The Lion of the tribe of Judah, the Root of David, has triumphed. Revelation 5:5
Two stately stone lions watch over the entrance to the New York Public Library. Hewn from marble, they’ve stood there proudly since the library’s dedication in 1911. They were first nicknamed Leo Lenox and Leo Astor to honor the library’s founders. But during the Great Depression, New York’s Mayor Fiorello LaGuardia renamed them Fortitude and Patience, virtues he thought New Yorkers should demonstrate in those challenging years. The lions are still called Fortitude and Patience today.
The Bible describes a living, powerful Lion who also gives encouragement in trouble and is known by other names. In his vision of heaven, the apostle John wept when he saw that no one was able to open the sealed scroll containing God’s plan of judgment and redemption. Then John was told, “Do not weep! See, the Lion of the tribe of Judah . . . has triumphed. He is able to open the scroll and its seven seals” (Revelation 5:5).

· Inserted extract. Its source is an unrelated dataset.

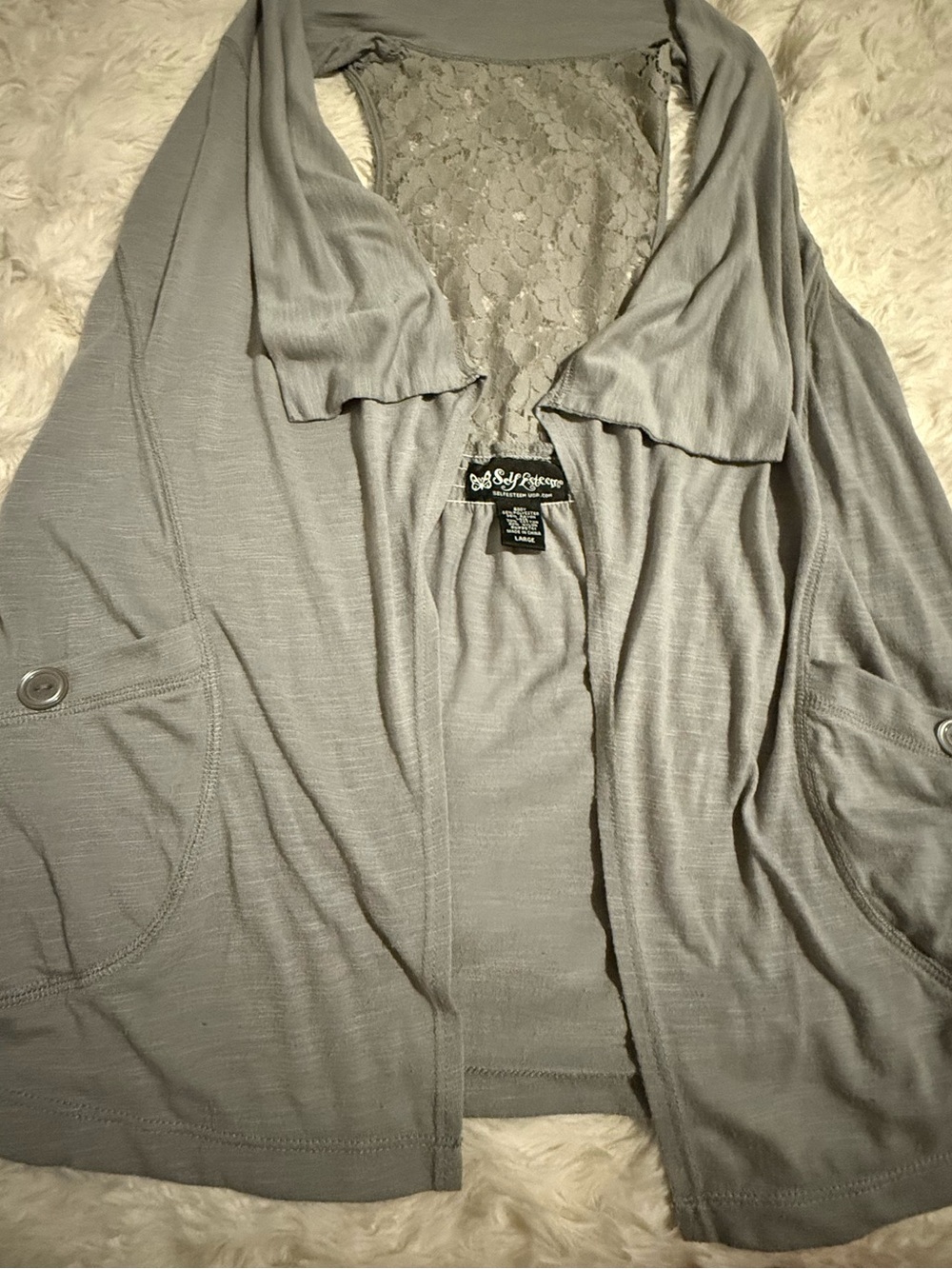 Self Esteem open-front cardigan w/ a draped collar, front pockets, lace back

Yet in the very next verse, John describes something else entirely: “Then I saw a Lamb, looking as if it had been slain, standing at the center of the throne” (v. 6). The Lion and the Lamb are the same person: Jesus. He’s the conquering King and “the Lamb of God, who takes away the sin of the world!” (John 1:29). Through His strength and His cross, we receive mercy and forgiveness so that we may live in joy and wonder at all He is forever!

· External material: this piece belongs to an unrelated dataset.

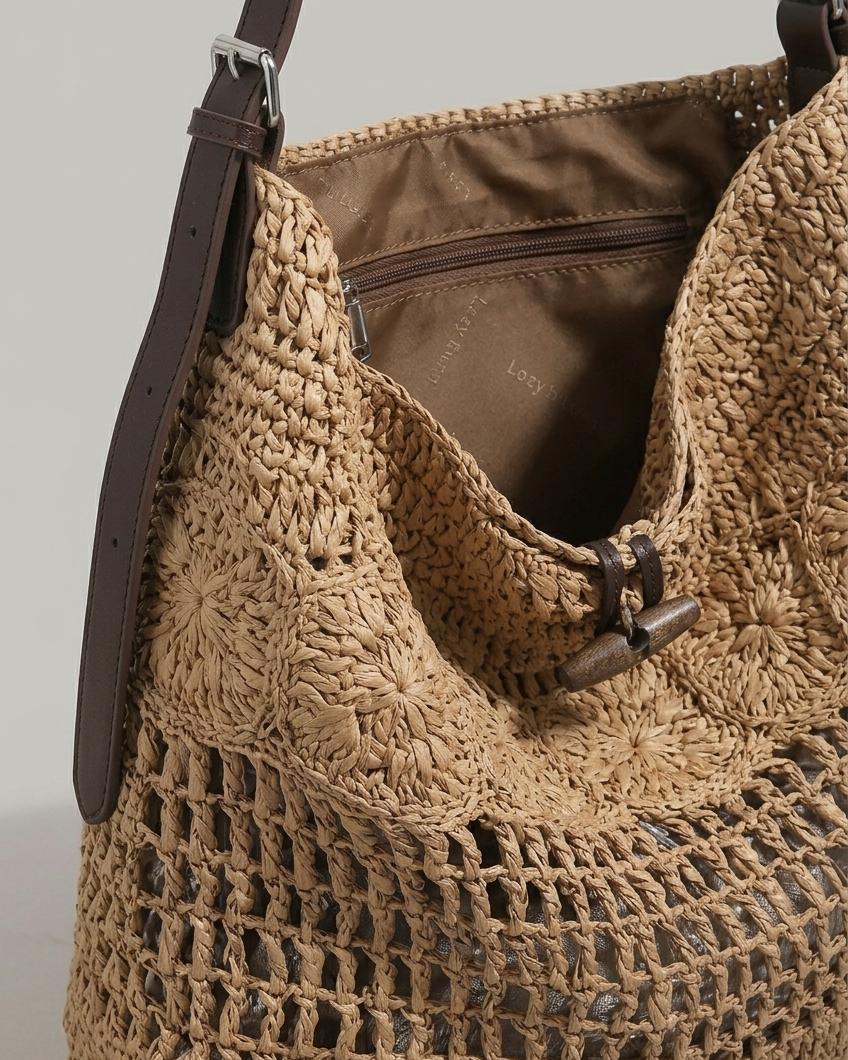Wildfool Hollow-Weave Tote in Gray — three-quarter view with lock clasp visible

What’s your favorite name for Jesus? What aspects of His character make you want to praise Him most?
Beautiful Savior, I could praise You for all eternity and never come to the end of all that You are. Thank You for giving Yourself for me, so that I may live in Your love forever!

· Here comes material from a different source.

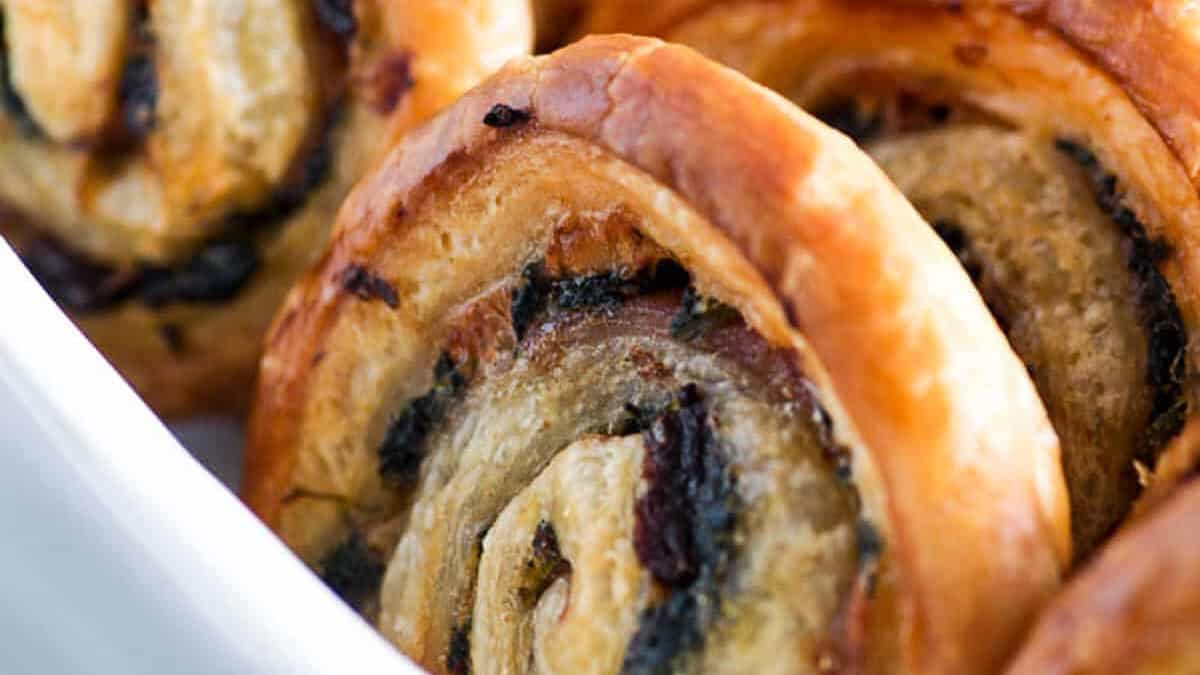 A serving dish of puff pastry appetizers.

In Revelation 5:1–7, we see Jesus depicted as both a lion and a lamb, seemingly polar opposites. Yet in Jesus, they’re not. He’s a Lion to conquer Satan (Revelation 20:10) and a Lamb to satisfy God’s justice by being sacrificed for our sins (John 1:29). And He’s no ordinary lamb. Though slain, this Lamb is still standing, bearing the wounds of His sacrifice, and He has seven horns and seven eyes (Revelation 5:6). Commentator Matthew Henry states that this series of seven (the perfect number) signifies “perfect power to execute all the will of God and perfect wisdom to understand it all and to do it in the most effectual manner.” Why? Because He has seven spirits of God: “He has received the Holy Spirit without measure, in all perfection of light, and life, and power, by which he is able to teach and rule all the earth.”